The proper way to view “low T” is to understand that it is a pro-inflammatory state, which is true for most chronic conditions (5). It is now very clear that the over-consumption of sugar, flour, and refined oils, which represent close to 60% of the average American’s caloric intake, is associated with the development of chronic inflammation, which involves the accumulation of excess body fat (6,7), which in turn promotes “low T.”

 

Historically, accumulating body fat has been viewed merely as a storage source of excess calories, but now we know that as fat cells swell in size, a substantial change occurs in the cellular anatomy and metabolic activity of adipose tissue. In the lean state, adipose tissue contains a population of anti-inflammatory immune cells that release anti-inflammatory cytokines. As fat cells swell in size, anti-inflammatory immune cells are replaced with pro-inflammatory immune cells that continuously release pro-inflammatory cytokines (7). This is a state of chronic inflammation, in which men live for years, until succumbing to a chronic disease. Every time these men overeat sugar, flour, and refined oils, there is a postprandial production of inflammatory chemistry that gets superimposed over the prevailing chronic state.

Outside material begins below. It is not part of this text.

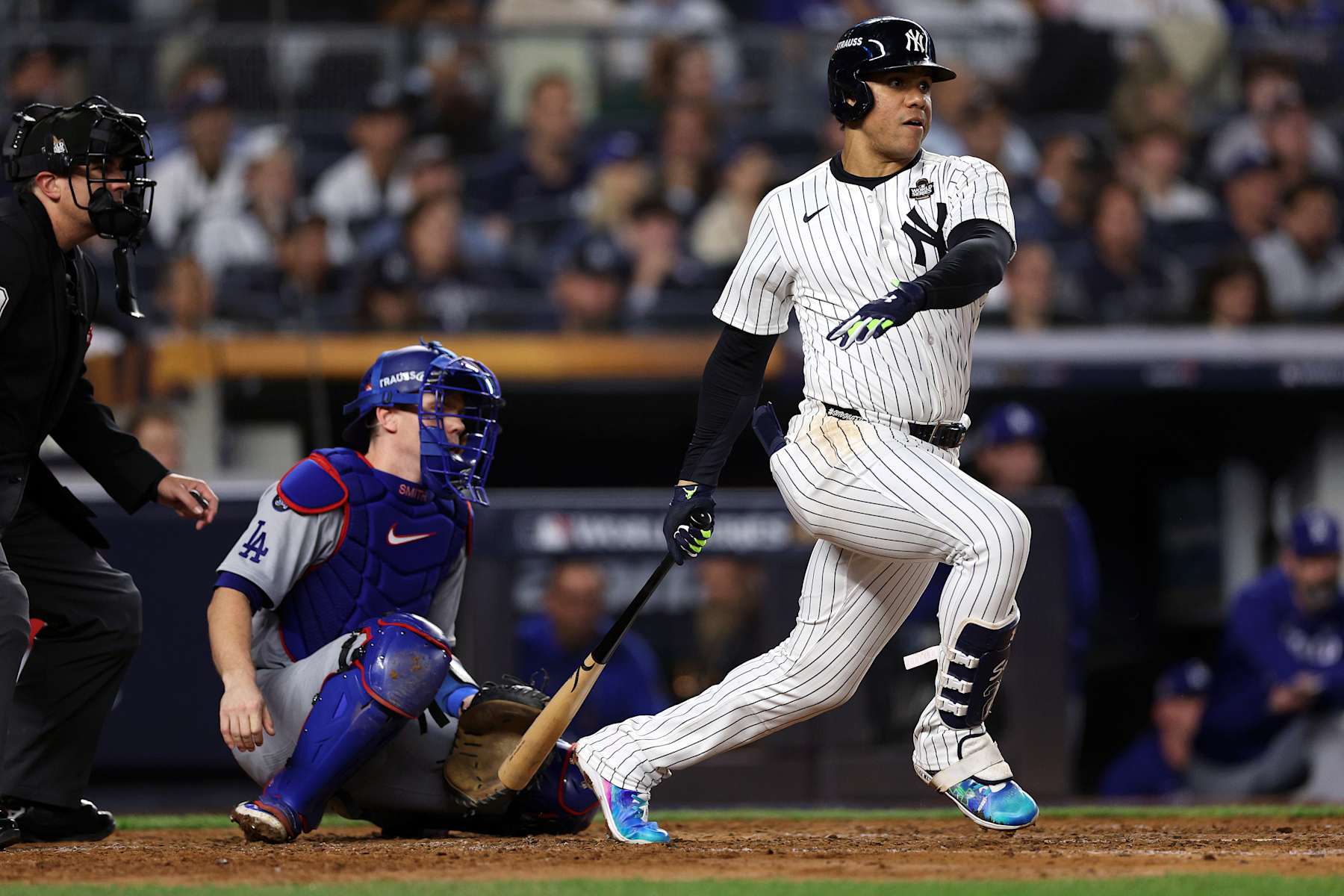 NEW YORK, NEW YORK - OCTOBER 30:  Juan Soto #22 of the New York Yankees hits a single during the fourth inning of Game Five of the 2024 World Series against the Los Angeles Dodgers at Yankee Stadium on October 30, 2024 in the Bronx borough of New York City. (Photo by Elsa/Getty Images)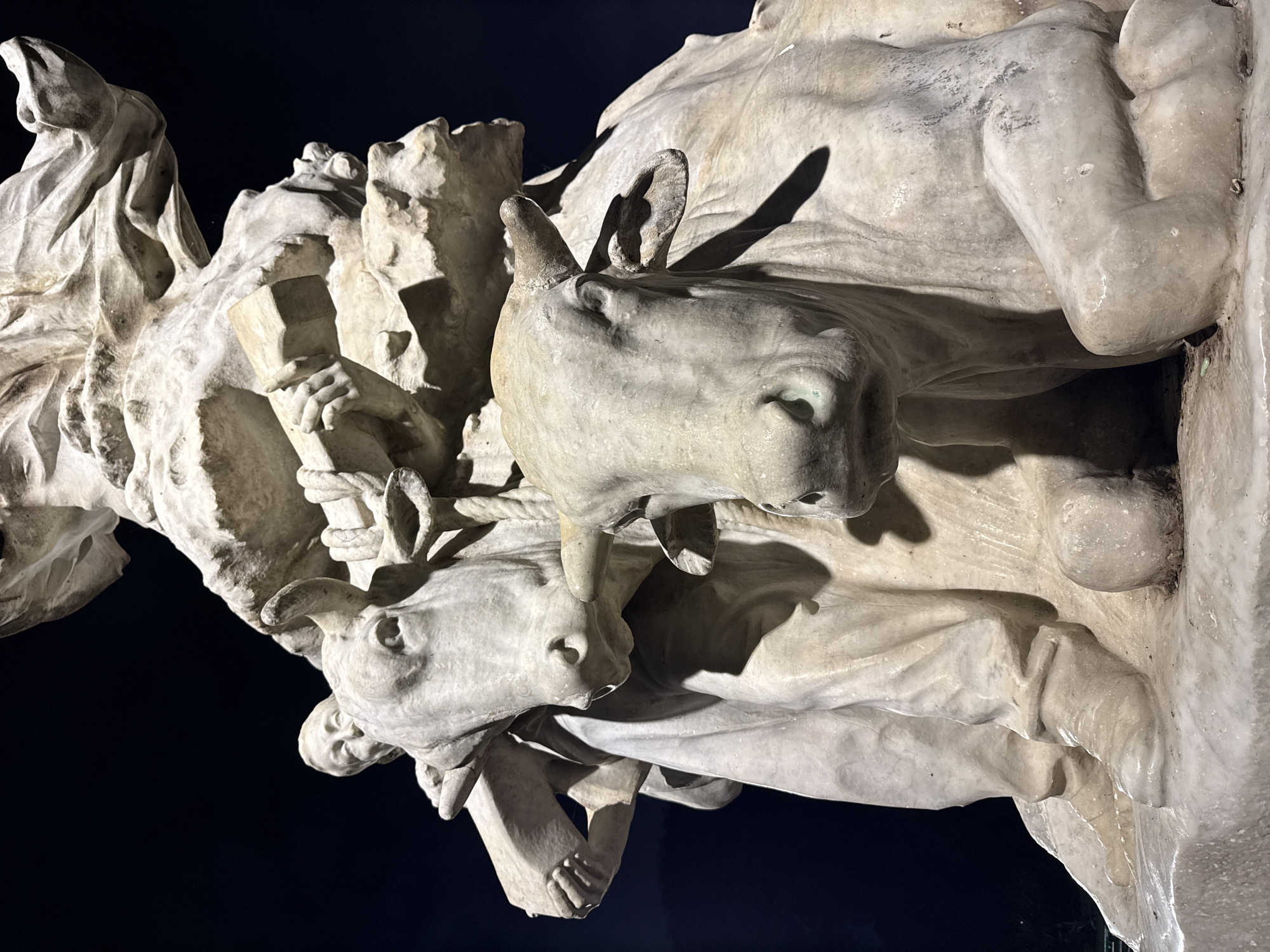 This media file features a detailed view of a large, complex marble sculpture, dramatically illuminated at night. The sculpture depicts a dynamic scene involving multiple figures, predominantly two donkeys or mules and several human figures.
The central focus is on two prominent animal heads, likely donkeys or mules, carved from light-colored stone. One animal faces left, its ears casting long shadows, while another is visible below and to the right, facing right. Both animals appear to be harnessed or tethered with ropes, suggesting a theme of labor, journey, or a procession. Associated with these animals are human figures, though only parts are clearly visible; a hand holding a block-like object (possibly a book or tool) is seen near the top left, and another human face is discernible looking downwards.
The sculpture is rendered in white or light grey stone, likely marble, and shows signs of weathering and some green/dark discoloration in crevices, indicating age or outdoor exposure. The deep, dark background signifies nighttime, with powerful artificial lighting casting stark contrasts and pronounced shadows that enhance the texture and three-dimensional quality of the carving. The overall composition is dynamic, possibly part of a larger monument. No text is visible within the image. The location context provided is Buenos Aires, Argentina.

Over time, multiple organs/tissues suffer from being bathed in this chronic inflammatory chemistry, including leydig cells (8).

 

Leydig cells produce testosterone in men, and they are sensitive to the prevailing biochemistry to which they are exposed. Ultimately, the chronic inflammatory state described above, which is characteristic of the metabolic syndrome and type 2 diabetes, leads to an inhibition of both leydig cell and testosterone production (8). This underproduction of testosterone cannot be improved by taking drugs or supplements, as many people have been misled to believe.

 

The underlying cause of “low T” must be addressed, which is consistent with how all chiropractic physicians are trained to think. The most common cause of “low T” is the pro-inflammatory metabolic syndrome, which can easily be addressed by chiropractic physicians via diet, supplementation, stress management, and exercise (7,9). I have also created a YouTube video to help educate laymen about this process, which can be watched at DeFlame Nutrition.

 

References

 

1.         Kravitz RL. Direct-to-consumer advertising of androgen replacement therapy. JAMA. 2017;317:1124-25.

 

2.         Sinclair M et al. Testosterone in men with advanced liver disease: abnormalities and implications. J Gastroenterol Hepatol. 2015;30:244-51.

 

3.         Sies CW, Brooker J. Could these be gallstones? Lancet. 2005;365:1388.

 

4.         Pilz S et al. Effect of vitamin D supplementation on testosterone levels in men. Horm Metab Res. 2011;43(3):223-25.

 

5.         Seaman DR. The diet-induced proinflammatory state: a cause of chronic pain and other degenerative diseases? J Manipulative Physiol Ther. 2002;25(3):168-79.

 

6.         Seaman DR. Weight gain as a consequence of living a modern lifestyle: a discussion of barriers to effective weight control and how to overcome them. J Chiro Human. 2013;20:27-35.

 

7.         Seaman DR. The DeFlame Diet. Shadow Panther Press, ILM. 2016. ISBN: 9781523957705

 

8.         Wang C et al. Low testosterone associated with obesity and the metabolic syndrome contributes to sexual dysfunction and cardiovascular disease risk in men with type 2 diabetes. Diabetes Care. 2011;34(7):1669-75.

 

9.         Seaman DR, Palombo AD. An overview of the identification and management of the metabolic syndrome in chiropractic practice. J Chiropr Med. 2014;13(3):210-9.